Ce roman nous permet de saisir l’essence de la démarche humaniste du genre kaijū eiga, au travers du regard des protagonistes. Les évènements s’enchainent d’abord sous forme d’une inquiétude incompréhensible, puis d’une enquête quasi policière mêlant données crypto zoologiques et l’évidente préoccupation des autorités. Ainsi désarmés devant la réalité de ce qui n’était jusqu’alors qu’une légende folklorique, ils sont aussi perdus que nous devant l’incompréhensible, et l’urgence décisionnelle d’éviter une tragédie sans précédent.

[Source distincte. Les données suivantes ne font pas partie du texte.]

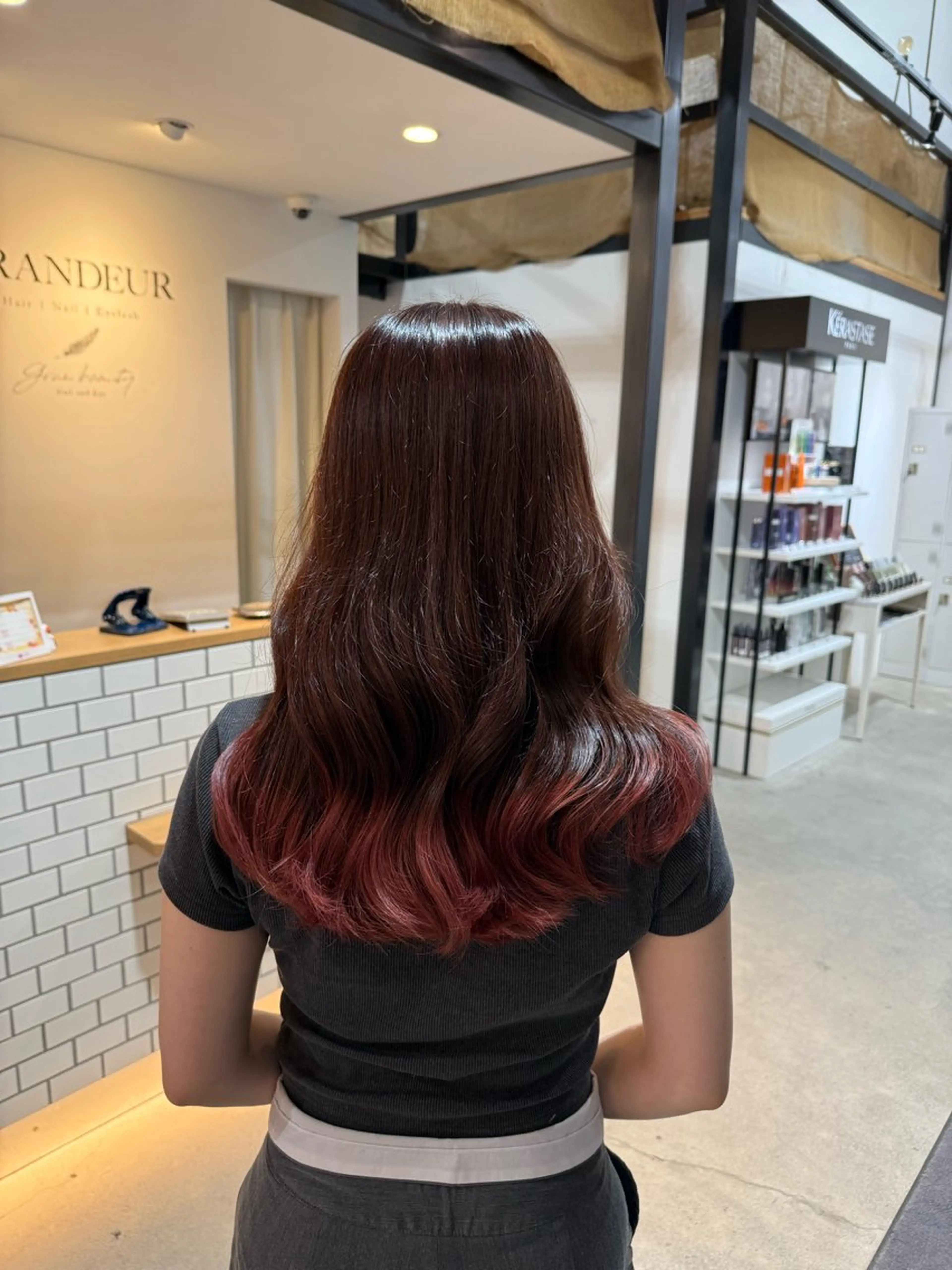 ロング カラー ブリーチ ピンクカラー 片山 実莉のヘアスタイル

La trame monte crescendo jusqu’à des combats acharnés, où les mots défilent comme les balles des mitrailleuses contre la légende devenue tangible. Ceci permet à notre imaginaire d’à la fois reconstituer les deux premiers films, dans une dynamique encore inédite aujourd’hui, et de saisir la pleine essence des combats homériques. Nous saisissons aussi la pleine teneur du regard profondément humaniste, qui jalonnera ce genre cinématographique (dans sa vision japonaise et non occidentalisée) jusqu’à nos jours.

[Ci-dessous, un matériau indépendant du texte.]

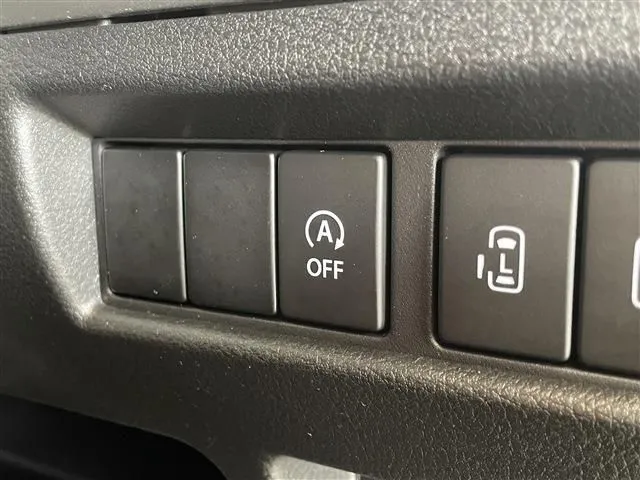 スペーシア　ギア（スズキ）の車両写真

Il est vraiment heureux de constater qu’aujourd’hui, il existe une vraie fascination pour le kaijū eiga portée par des passionnés de tous bords. C’est en cela qu’il est particulièrement judicieux de s’approprier cet ouvrage, autant pour les simples curieux que pour les vétérans. C’est la genèse d’un monstre et d’une œuvre cultes qui nous est apportée avec le plus grand soin et la plus grande passion.

Guillaume PAUCHANT

Il faut avoir des films en soi, pour faire rêver le monde.